FGM violates various human rights of women and girls under international, regional, and national laws, including the rights to equality, life, the security of the person, dignity, the highest attainable health, as well as freedom from discrimination and torture, cruel, inhuman or degrading treatment.
Internationally, the Convention on the Elimination of All Forms of Discrimination against Women (CEDAW) and the Convention on the Rights of the Child (CRC) contain legally binding obligations that relate to the elimination of harmful practices.
Regionally, the Maputo Protocol prohibits FGM in Article 5. Furthermore, the African Charter on the Rights and Welfare of the Child calls on all State Parties to take appropriate measures to protect children from harmful cultural practices in Article 21.
What is Equality Now doing?
FGM and child marriage are often interlinked. In some contexts, FGM is a rite of passage into womanhood and an immediate precursor to marriage. We continue to collaborate with partners across Africa who are working on ending child marriage while at the same time advocating for governments to set the minimum age of marriage at 18 years with no exceptions.
Since its establishment in 1992, Equality Now has been at the forefront advocating for laws that protect women and girls by criminalizing FGM and child marriage and supporting grassroots activists and women’s rights organizations working to eliminate these harmful practices within their communities.
Across East and West Africa, we are holding governments to account for their obligations to protect women and girls through engaging regional and international human rights mechanisms.
In 2017, a petition was filed in the High Court in Kenya by a Kenyan public health professional challenging the constitutionality of Sections 5, 19, 20, and 21 of the Prohibition of Female Genital Mutilation Act (2011).
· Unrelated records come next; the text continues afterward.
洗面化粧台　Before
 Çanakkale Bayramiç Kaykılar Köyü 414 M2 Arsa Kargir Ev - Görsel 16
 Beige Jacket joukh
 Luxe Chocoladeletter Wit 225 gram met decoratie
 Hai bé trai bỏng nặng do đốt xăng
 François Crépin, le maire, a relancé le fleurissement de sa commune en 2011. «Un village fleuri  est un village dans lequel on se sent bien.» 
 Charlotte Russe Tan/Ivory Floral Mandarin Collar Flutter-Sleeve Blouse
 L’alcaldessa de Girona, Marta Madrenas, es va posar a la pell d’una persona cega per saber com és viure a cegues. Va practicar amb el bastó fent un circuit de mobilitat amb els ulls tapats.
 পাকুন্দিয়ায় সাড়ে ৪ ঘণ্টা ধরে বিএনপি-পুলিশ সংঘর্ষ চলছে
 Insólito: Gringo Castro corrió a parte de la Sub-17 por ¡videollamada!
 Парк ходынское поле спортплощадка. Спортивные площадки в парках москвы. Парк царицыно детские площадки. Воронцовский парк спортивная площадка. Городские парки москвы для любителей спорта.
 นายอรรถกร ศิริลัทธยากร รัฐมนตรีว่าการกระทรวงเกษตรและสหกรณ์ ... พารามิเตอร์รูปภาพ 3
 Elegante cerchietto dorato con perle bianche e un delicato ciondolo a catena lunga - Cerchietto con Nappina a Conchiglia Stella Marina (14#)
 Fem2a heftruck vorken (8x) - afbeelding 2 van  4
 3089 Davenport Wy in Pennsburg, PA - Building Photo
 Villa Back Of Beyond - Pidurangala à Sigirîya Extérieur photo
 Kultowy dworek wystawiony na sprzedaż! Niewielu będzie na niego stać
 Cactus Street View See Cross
Equality Now, as the first interested party to the case, collaborated with the state actors and other CSOs and coordinated the legal strategy to defend the anti FGM Act. In March 2021, the High Court of Kenya upheld and validated the constitutionality of the Act. We also led the media advocacy of the litigation.
In April 2021, Equality Now together with Institute for Human Rights and Development in Africa (IHRDA), Association Malienne pour le Suivi et l’Orientation des Pratiques Traditionnelles and Association pour le Progrès et la Défense des Droits des Femmes, filed a case at the ECOWAS Court of Justice seeking to hold the Government of Mali to account on its failure to enact an anti-FGM law to protect Malian girls and women from this harmful practice.
What progress has been made?
The African Union launched the Saleema Initiative which is a continental initiative designed to galvanize political action to accelerate the elimination of harmful practices in the continent.